For this project, we aim to build a **predictive model** that could **classify forest cover type** based on **cartographic variables**. Understanding the relationships among these variables could be valuable for **land management** and **ecological studies**.

## 1. Data Source and Subject

- **Subject**: The dataset contains information about different forest cover types, which is Spruce/Fir, Lodgepole Pine, Aspen, and so on, in four wilderness areas located in Roosevelt National Forest of Nothern Colorado. Each observation represents a $30*30$ meters cell and includes various cartographic variables such as elevation, slope, aspect, distance to hydrology, and soil type.
- **Source**: We are using the "Covertype" dataset available from UCI Machine Learning Repository: https://www.kaggle.com/datasets/uciml/forest-cover-type-dataset/.

## 2. Data License

The dataset is made available under the Public Domain. There are no restrictions on its use, modification, or distribution.
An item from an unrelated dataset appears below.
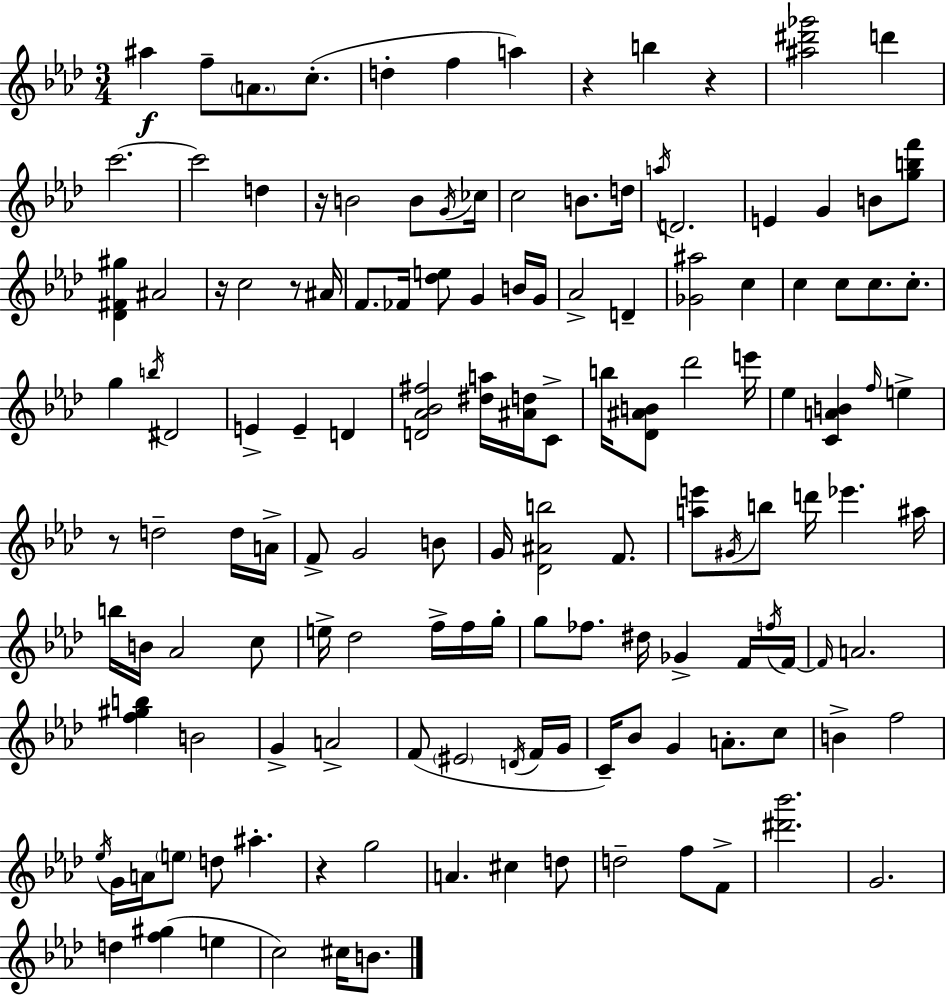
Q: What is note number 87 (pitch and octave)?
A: F4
## 3. Data Collection Method

- **Method**: The data was originally collected by the US Forest Service (USFS) Region 2 Resource Information System (RIS). The observations were derived from data obtained from the US Geological Survey (USGS) and the USFS.
  - **Catographic Variables**: Cartographic variables were determined using USGS Digital Elevation Model (DEMs) and other geographic information system (GIS) data.
  - **Soil Type**: Soil type designations were based on USFS Ecological Landtype Units (ELUs).
  - **Wilderness Area**: The actual forest cover type for each 30 x 30-meter cell was determined using observations and aerial photography.
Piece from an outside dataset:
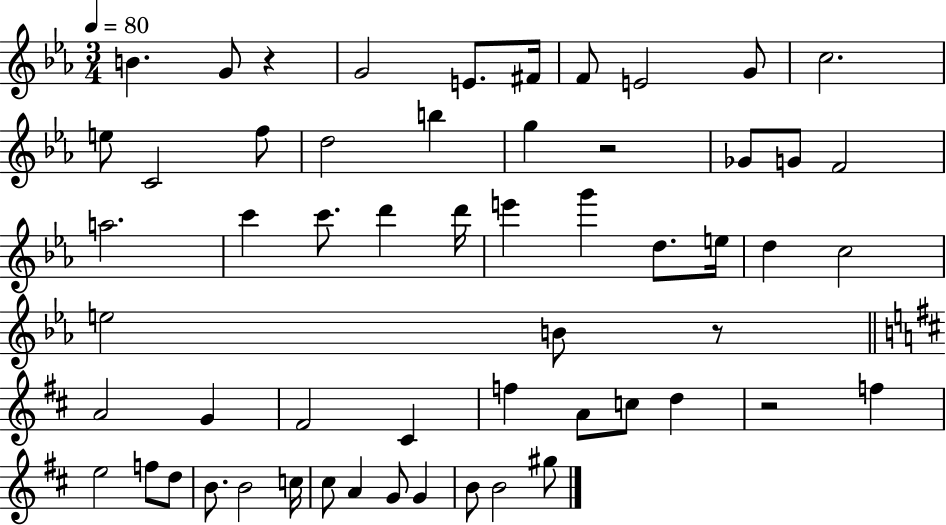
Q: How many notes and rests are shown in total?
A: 57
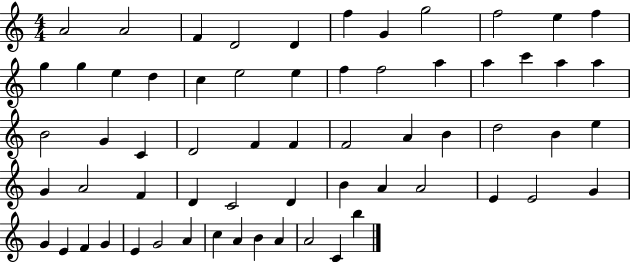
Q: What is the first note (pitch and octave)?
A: A4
## 4. Data Ethics and Limitations

- **Data Collection Date**: The dataset was donated on 7/31/1998. Forest cover type could change overtime due to natural disturbances and human activities. Therefore, the data may not perfectly reflect current forest conditions in Roosevelt National Forest.
- **Spatial**: The $30*30$ meters solution may not capture fine-scale variations in forest cover type within each cell.
- **Data Accuracy**: While the data has been widely used, it's important to note that the accuracy of the original USFS and USGS data sources can influence the reliability of the dataset.
- **Limited Scope:** This dataset is specific to a limited region in Colorado, so our findings might not be directly transferable to other forests.
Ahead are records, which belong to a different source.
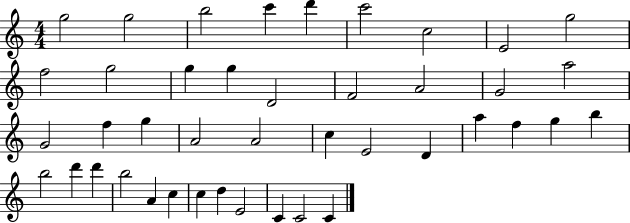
{
  \clef treble
  \numericTimeSignature
  \time 4/4
  \key c \major
  g''2 g''2 | b''2 c'''4 d'''4 | c'''2 c''2 | e'2 g''2 | \break f''2 g''2 | g''4 g''4 d'2 | f'2 a'2 | g'2 a''2 | \break g'2 f''4 g''4 | a'2 a'2 | c''4 e'2 d'4 | a''4 f''4 g''4 b''4 | \break b''2 d'''4 d'''4 | b''2 a'4 c''4 | c''4 d''4 e'2 | c'4 c'2 c'4 | \break \bar "|."
}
# Data Exploratory Analysis (EDA)

## 1. Import Libraries

In [None]:
# Import libraries
import numpy as np
import pandas as pd
import seaborn as sns
import matplotlib.pyplot as plt

## 2. Basic Description

In [None]:
df = pd.read_csv('covtype.csv')
df.head()

In [None]:
rows, cols = df.shape
print(f'Number of rows: {rows}')
print(f'Number of columns: {cols}')

As you could see that there are 581012 rows, and 55 columns. 

Each row represents a $30*30$ cell of a forest land within the **Roosevelt National Forest of northern Colorado**.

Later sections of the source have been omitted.